◆ WHAT YOU WILL DO: Below is a listing; retype exactly the line with "Asztali talpas tükör" and every line after it through the end, and only those, leaving out the pictures.

Top of PROVIDED MATERIAL

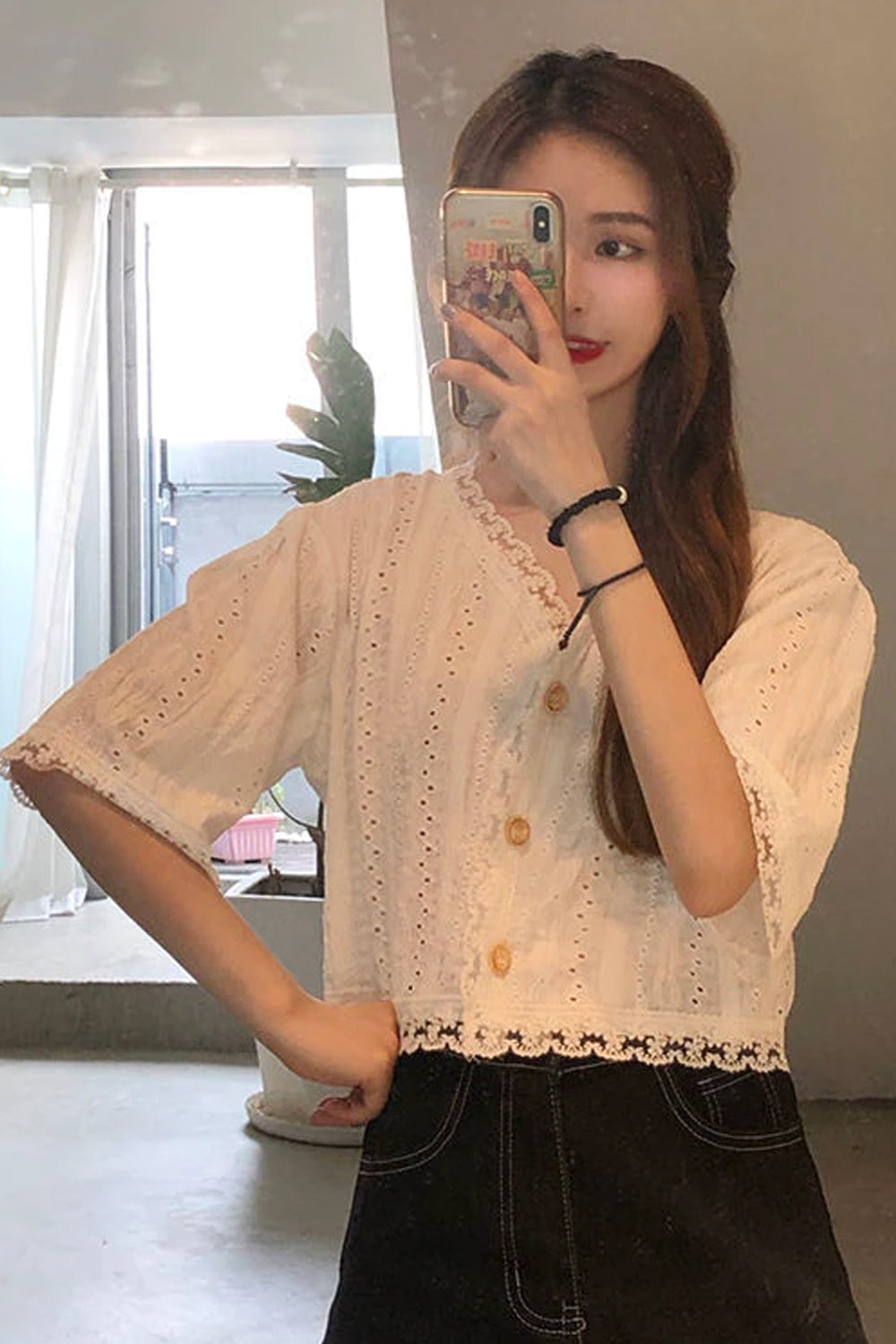 Kurzarm V-Ausschnitt Spitze Hohl Slim Shirt 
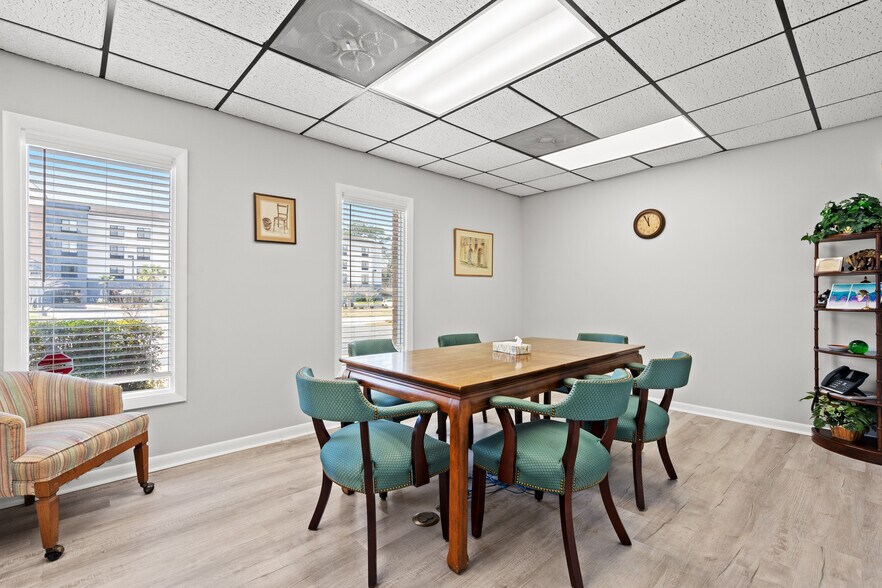 7510 N Forest Dr, North Charleston, SC à vendre - Photo de l’immeuble – Image 2 sur 8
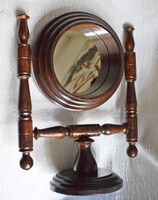 Asztali talpas tükör , esztergályozott fa , népi bútor , lakás dekoráció 32,5 x 24 x 13,5 cm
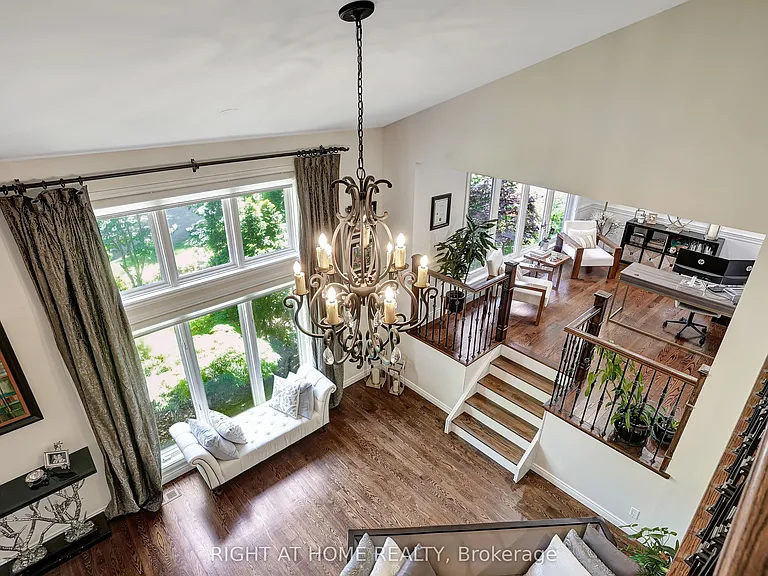 461 Lakeshore Rd W — Photo 17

Bottom of PROVIDED MATERIAL

◆ EXERCISE ANSWER:
 Asztali talpas tükör , esztergályozott fa , népi bútor , lakás dekoráció 32,5 x 24 x 13,5 cm
 461 Lakeshore Rd W — Photo 17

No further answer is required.